[Short descriptive text snippets]
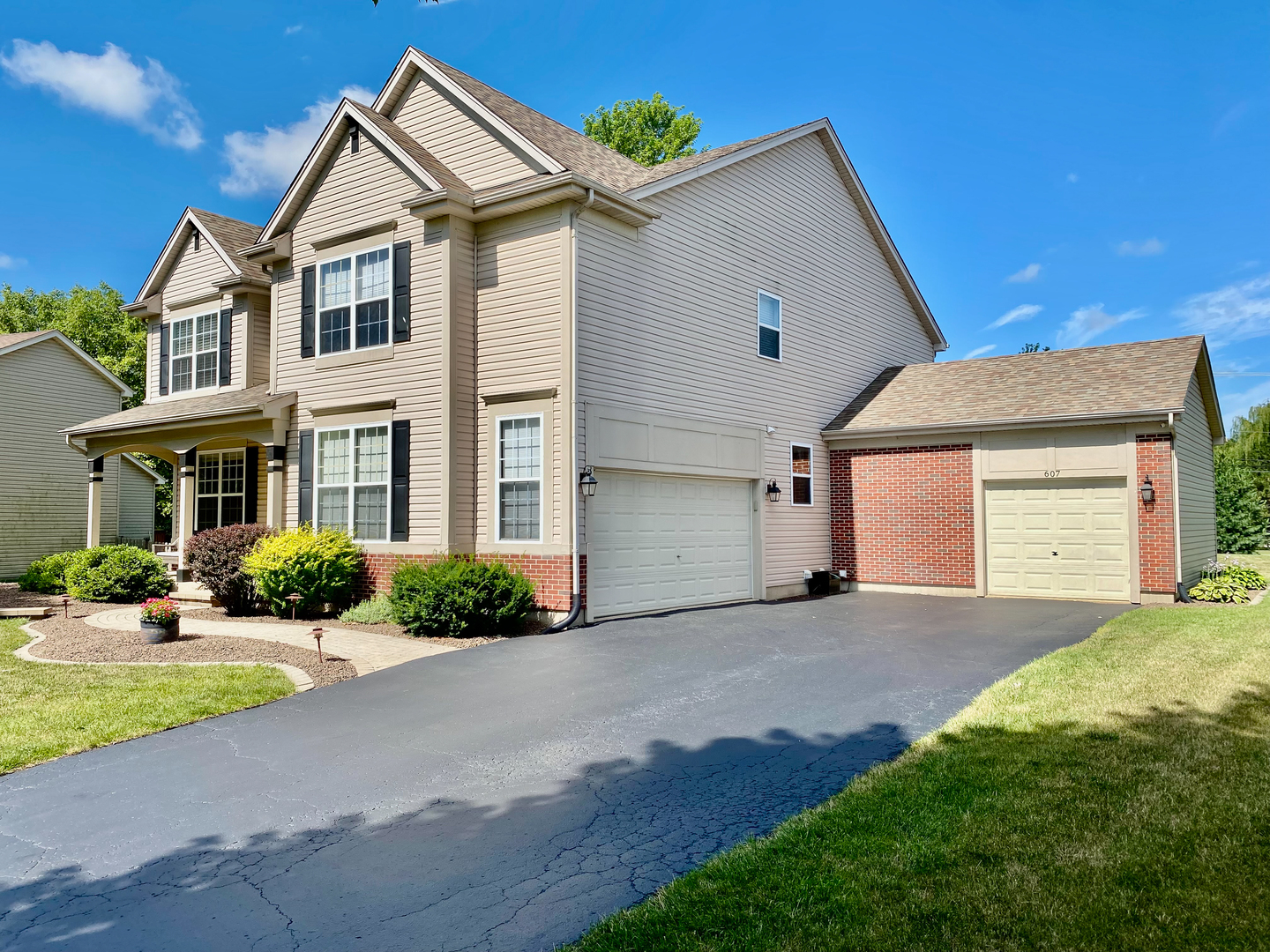 607 Vista Drive, Oswego, IL 60543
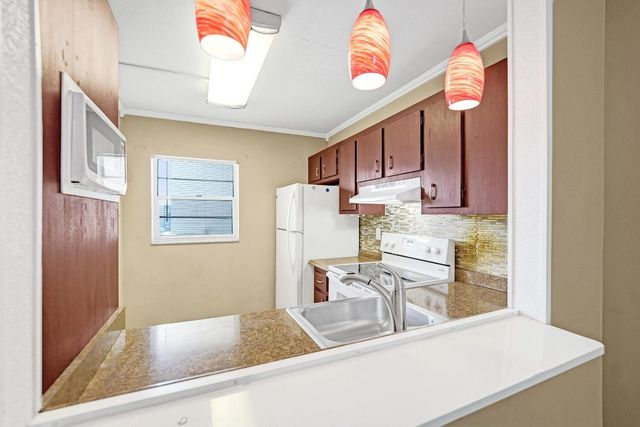 9235 Lagoon Place 308, Davie, FL 33324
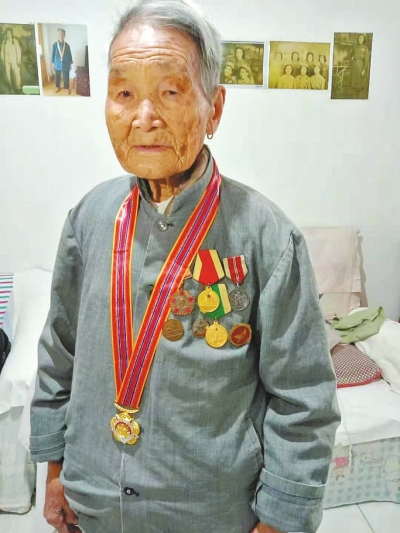 三門峽95歲老太曾參加長津湖戰役“到了戰場,就沒想過活著回家” 三門峽95歲老太曾參加長津湖戰役“到了戰場,就沒想過活著回家”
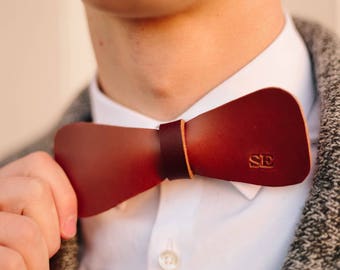 Bow ties for Men. Brown Leather Bow tie. Mens bowties. Personalized gifts for men. Dapper Gent. Groomsmen gift.  Fathers day gift.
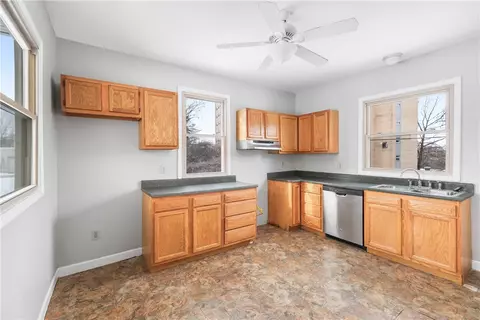 614 Baldridge Ave, Braddock, PA 15104 photo 8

• DESCRIPTION OF THE TASK
Leave out every picture and copy the rest of the records exactly.

• EXERCISE SOLUTION
 607 Vista Drive, Oswego, IL 60543
 9235 Lagoon Place 308, Davie, FL 33324
 三門峽95歲老太曾參加長津湖戰役“到了戰場,就沒想過活著回家” 三門峽95歲老太曾參加長津湖戰役“到了戰場,就沒想過活著回家”
 Bow ties for Men. Brown Leather Bow tie. Mens bowties. Personalized gifts for men. Dapper Gent. Groomsmen gift.  Fathers day gift.
 614 Baldridge Ave, Braddock, PA 15104 photo 8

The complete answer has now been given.